Petroplus a déposé sa demande de sursis concordataire

Le groupe Petroplus, qui gère le site de Cressier, a déposé sa demande de sursis concordataire.
Crédit: David Marchon

Petroplus a déposé sa demande de sursis concordataire, a fait savoir le groupe zougois durant la nuit. Les procédures se sont également précisées du côté des filiales françaises, allemandes et britanniques du premier raffineur indépendant en Europe.

Les filiales d'outre-Rhin, qui gèrent notamment la raffinerie d'Ingolstadt ont demandé l'ouverture d'une procédure  d'insolvabilité. Un administrateur judiciaire a été nommé.

Les filiales françaises, dont dépend entre autres la raffinerie de Petit-Couronne ont de leur côté déposé une demande de redressement judiciaire. Cette raffinerie qui compte quelque 550 employés a déposé son bilan mardi. Elle a été mise en vente le 20 janvier.

En outre, deux filiales britanniques, qui gèrent notamment la raffinerie de Coryton, ont été mises sous séquestre mardi.

Incertitudes pour Cressier

Petroplus possède également la raffinerie de Cressier qui emploie 260 personnes. Son sort reste incertain. Les autorités cantonales croyaient toujours à la possibilité d'un rachat mardi, indiquant que cinq à dix repreneurs étaient intéressés. Elles ont  toutefois refusé de les nommer.

Le premier raffineur indépendant en Europe se trouve en  difficulté financière depuis fin décembre après s'être vu refuser  l'accès à une ligne de crédit d'un milliard de dollars, jugée «indispensable» au bon fonctionnement des opérations.

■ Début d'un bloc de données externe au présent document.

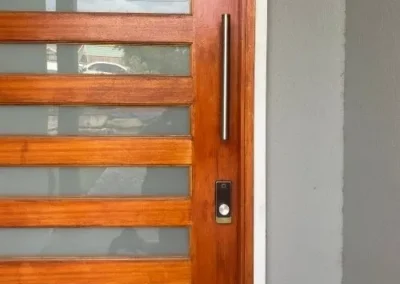 Chrome deadbolt and black lever on a screened door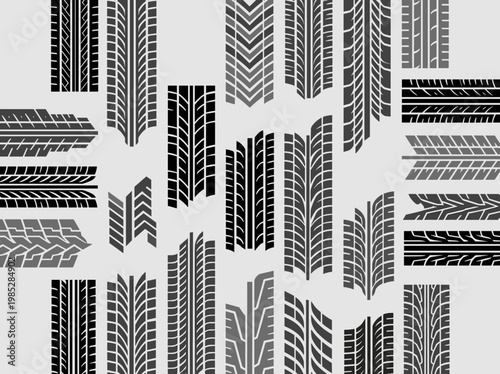 Tire tread patterns in black and grey arranged on a light background  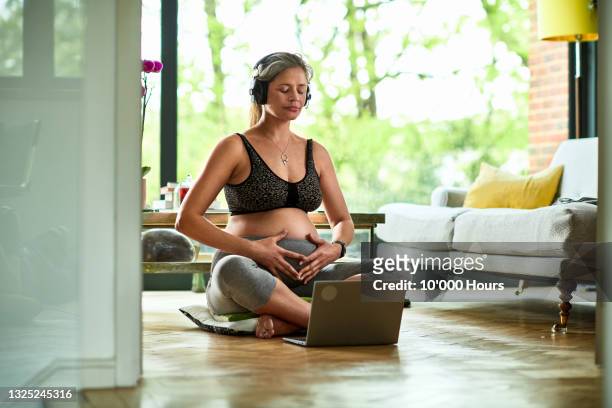 pregnant woman wearing headphones concentrating on breathing exercises - prenatal class stock pictures, royalty-free photos & images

La situation est devenue critique une semaine plus tard avec le gel de l'intégralité des financements.

Le groupe avait déjà annoncé mardi sa volonté de demander un sursis concordataire.

Ouverture d'une enquête pour faillite frauduleuse en France

Une enquête préliminaire pour faillite frauduleuse a été ouverte par la justice française concernant la raffinerie du groupe zougois Petroplus à Petit-Couronne, dans l'ouest du pays, a-t-on appris jeudi de source judiciaire.

L'enquête préliminaire a été ouverte par le parquet de Nanterre, près de Paris, sous le soupçon que le compte bancaire de Petroplus- France a été amputé d'une centaine de millions d'euros (environ 120 millions de francs), selon la même source.

Selon la radio Europe 1, qui a révélé cette information, deux  perquisitions ont été menées mercredi matin par la police, la première au siège de la filiale française de Petroplus dans le  quartier d'affaires de Défense, la seconde à la Deutsche Bank où la  société a ses comptes.

L'enquête française fait suite à la décision du tribunal de commerce de Rouen de placer mercredi en redressement judiciaire pour  six mois la raffinerie Petroplus de Petit-Couronne (Seine-Maritime),  dont la direction avait déposé le bilan mardi.

Un administrateur et un mandataire judiciaires ont été désignés par le tribunal pour rechercher toutes les solutions permettant une relance de l'activité avec un éventuel repreneur.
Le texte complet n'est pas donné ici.